六本木のもつ鍋や。4人テーブルふたつの座敷席の片方で三人連れで楽しく飲み食い。やがてタバコを吸いたいタイミングになったところで隣に若い女性の3人連れ。とりあえず我慢するがやはり吸いたい。諒解を求める一声をいよいよ掛けようとそちらに向き直ると、、、。彼女達のうちの二人がもうもうと吸っている。気を使うほどのことはなかった、のはよいが、彼女達は飲み物待ちにしてもこちらのテーブルは食事が佳境なのだから、向こうがこちらに一言あっても然るべき所ではなかろうか。
8月28日(月) 三木クァルテット
大分で二泊してちとのんびり、などと目論んではいたのだがそうはならず、三木君のクァルテット、リズムセクションは名古屋のファーストコールコンビ、島田剛(Bass)と黒田和良(Dr)と聞いては是非参加。クローズな集まりながら通な人が多かったと見えてかなり突っ込んだ演奏に大きな拍手が嬉。
8月29日(火) 高木クラビア
千葉の教室は円満に終わったのだが、発表会リズムセクション付き、というのを遣り残しているので後二回のレッスンと一回の発表会を行う。生徒にもレパートリィの割り振りをして、一通りの演奏を聴くとジャズ演奏の発展史が俯瞰できる仕組みを考えたのだが、、、どのように仕上がっていくか。不安と楽しみ。ベースに石井康二、ドラムは往年の伝兵衛商会の繁泉。現役リズムセクションからのコメントも有難いし、彼ら自身も勉強したり宿題研究をしてくれそうでそちらも楽しみ。

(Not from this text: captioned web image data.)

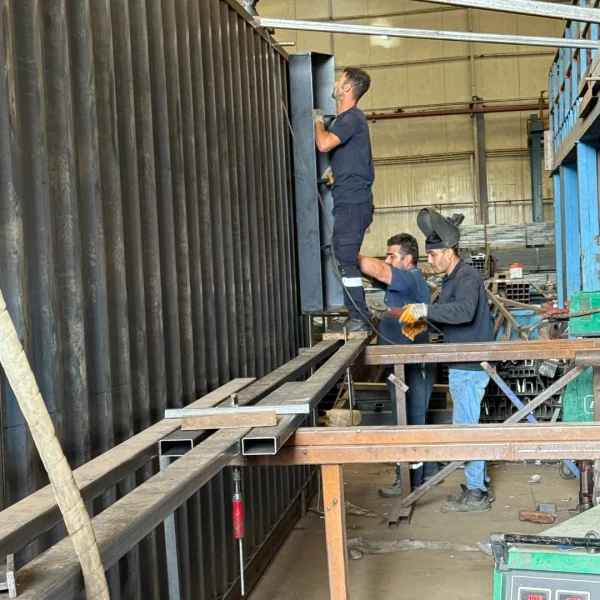 Maatwerk container Vaultra 2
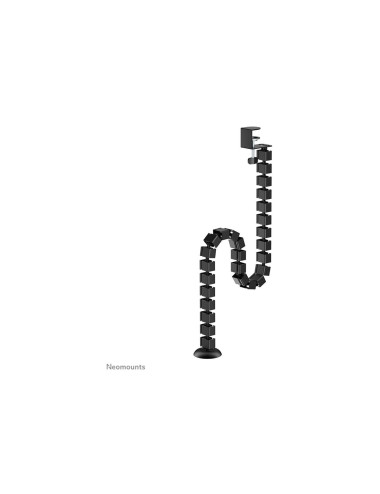 Neomounts ADS06-131BL Cable spine - clamp-on design - universal, Black | Neomounts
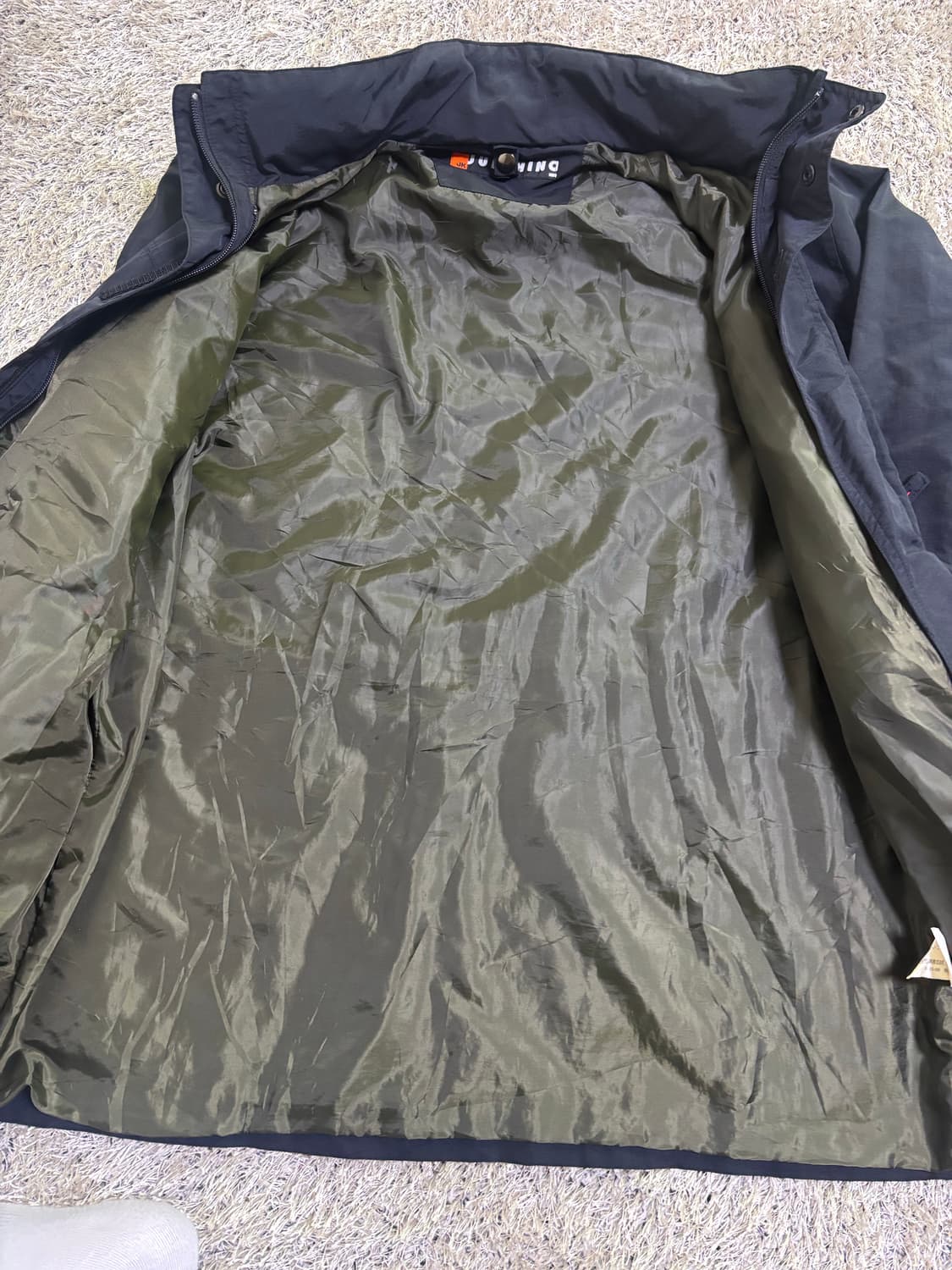 일본판 준코코시노 2중 바람막이자켓 사이즈 105 상품이미지6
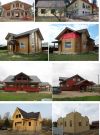 Дома, бани из клееного бруса от производителя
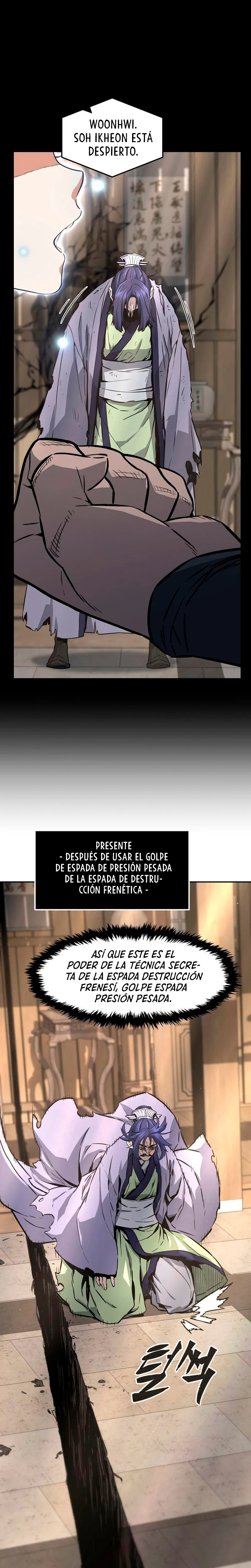 Read El Sentido Absoluto de la Espada ES Manga Online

高木クラビアの最高のピアノ環境で、というのがお値打ち。
8月30日(水) サーカス リハーサル
9月末の神戸公演のためのリハーサル。いつもの富士見が丘。譜面ワンセットと資料音源、そしてこの日録音したMDの入った封筒が駅前の西友ストアに届いている、との報告あり。プラプラ歩いているうちに落としたのだろうが、西友から電話があるまで気付かないところがすごい。サウンド・サーカスから佐山宅への郵送ラベルが張り付き残っていたのが幸い。
8月31日(木) アレンジ日
11月末の公演“Mr.Pin Stripe”の練習ピアノ用譜面をいち早く用意しなくてはならず、徹夜気味にて一気に片付ける。打ち合わせやある程度の稽古の後の最終決定を待って本アレンジに入る段取りだが、36曲は今から気が重い。